You may have planned your summer reads, but have you thought about your summer listening? The Reith Lectures are always a treat with recent lecturers including Grayson Perry, Hilary Mantel and Atul Gawande, and this year is no exception: Professor Margaret MacMillan is a brilliant historian and writer who brings an expert's view on war and society to the Radio 4 series this year.

In episode one, we hear about when wars first broke out. 

Go to the Radio 4 website to listen or download now.

From the BBC website:

She begins by asking when wars first broke out. Did they start with the appearance of homo sapiens, or when human beings first organised themselves into larger groupings such as tribes, clans, or nations? She assesses how wars bring about change in society and, conversely, how social and political change influences how wars start and are fought. And she discusses that dark paradox of war: that it can bring benefits and progress.

The programme is recorded before an audience at the BBC Radio Theatre in London and includes a question and answer session chaired by Anita Anand.

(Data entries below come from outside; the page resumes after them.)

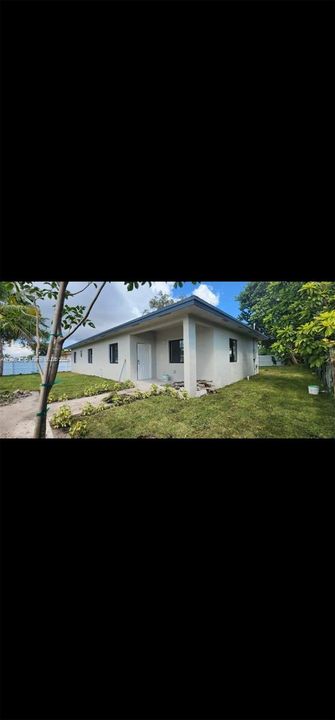 En Venta: $660,000 (4 camas, 3 baños, 1860 Pies cuadrados)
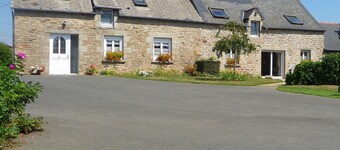 Country Cottage / Gite - SAINT GOUENO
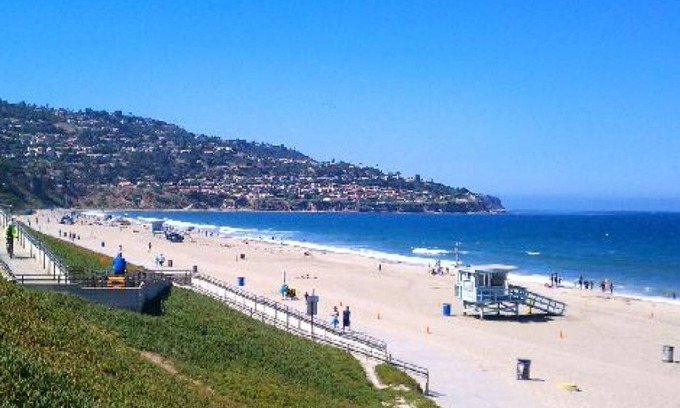 Torrance Hotel | Perfect Getaway! Four Pleasant Units, Pool, Hot Tub, Restaurant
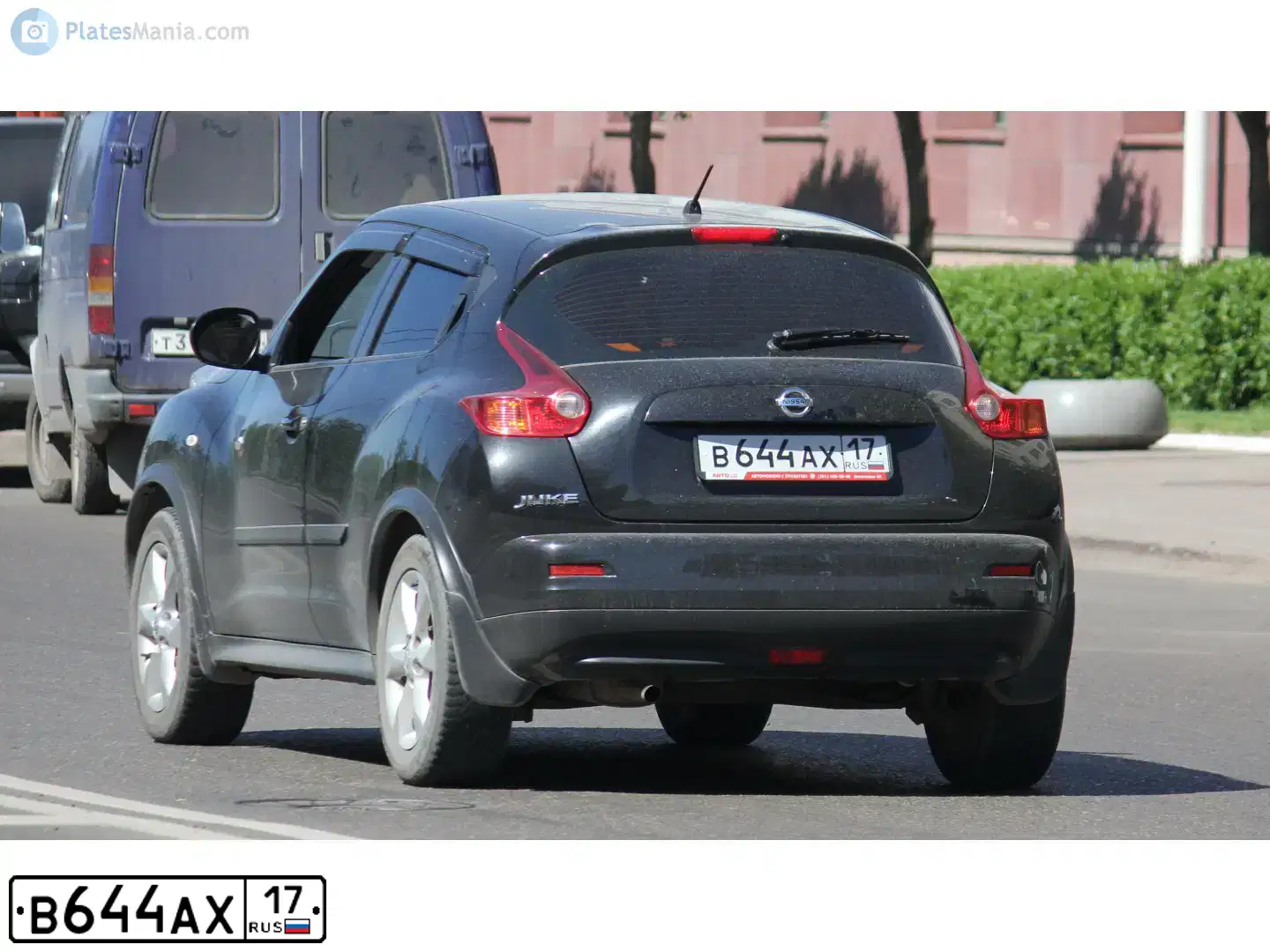Фото автомобиля NISSAN JUKE, 2012 — госномер Н548ОК124. Цвет: ЧЕРНЫЙ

Margaret MacMillan is emeritus professor of international history at Oxford University and professor of history at the University of Toronto. She says: "We like to think of war as an aberration, as the breakdown of the normal state of peace. This is comforting but wrong. War is deeply woven into the history of human society. Wherever we look in the past, no matter where or how far back we go, groups of people have organised themselves to protect their own territory or ways of life and, often, to attack those of others. Over the centuries we have deplored the results and struggled to tame war, even abolish it, while we have also venerated the warrior and talked of the nobility and grandeur of war. We all, as human beings, have something to say about war."